Some nights, they make slow, gentle love under the waves, surrounded by the filmy bubble of air. Yoongi discovers he has a taste for sour skittle sweets, and Jimin carries them in his pockets; jokes about feeding the fish when he throws them into the water. Yoongi dives for them. It’s a game.

And they swim around the rockpools and the open ocean.

Yoongi threw his belt away, long, long ago. One night that December, he and Hoseok dived downdowndown and found two cracked and broken halves of a whalebone, half-buried in the sand.

(No bodies.)

“They’ll have led the school away,” Yoongi says softly, gathering the bones in his palm, weighing them up, “Far away from here. This will be a cursed place. There will be legends told about you, Hoseok, the human who slays the school.”

“I never -”

Yoongi laughs. “But what a story you make, Seokie, regardless of how true they are.”

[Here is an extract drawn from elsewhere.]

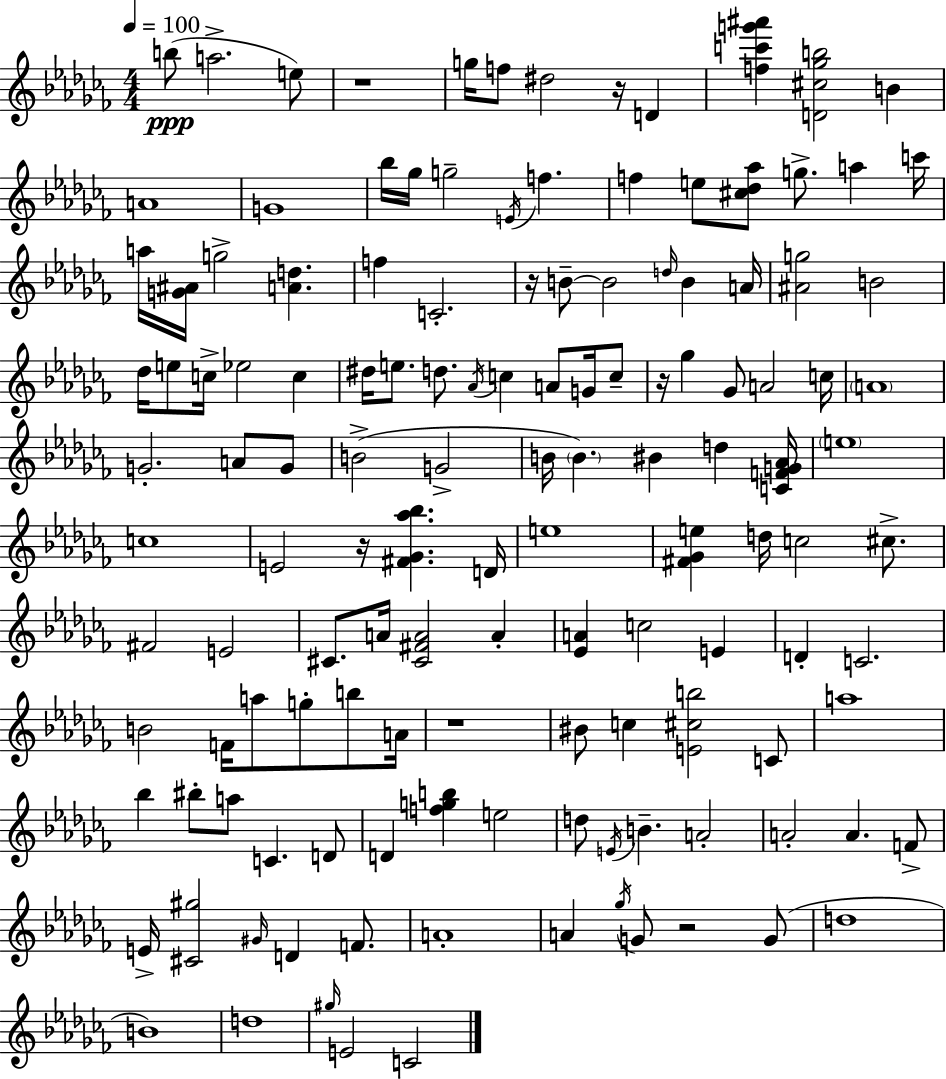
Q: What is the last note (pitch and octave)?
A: C4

When they eat mussels and chips dipped in white wine sauce, dizzy on each other, they laugh. And smile. And Haewon stops asking Hoseok to call his mother. Maybe she sees how happy he is.

Jimin takes over the shop full-time when Park Senior becomes bedbound permanently. Hoseok helps with the ice-cream, but in the winter months there aren’t any tourists and their little town goes into a sort of hibernation, all the residents working on their farms or going to college as a way to pass the time.

Hoseok throws himself into helping Haewon, and to swimming, and to spending time with Yoongi. Yoongi paints himself across Hoseok’s skin in marks - some seen, some unseen. Hoseok knows that none of them will ever really fade.

Taehyung doesn’t remember. Jimin and Jeongguk tell him anyway, and one day the ocean washes the pair of the amethyst bracelet onto the shore, the little purple gem twinkling merrily.

And they stay.

And they swim.

And, when the summer comes back, it sees all five of them in the water - Taehyung, helping Jimin balance books in the shop, going on little daytrips to the big cities to see his favourite artworks - Jeongguk, lifeguarding, getting some obscure literature degree in the community college - Hoseok, simply existing, just living with Yoongi and the sea. Yoongi and the sea, two people tangled together, and Hoseok, as intertwined as they are. 

And so they stay. 

And so they swim. 

And they’ve escaped, and have no intention of returning, and are all the better for it.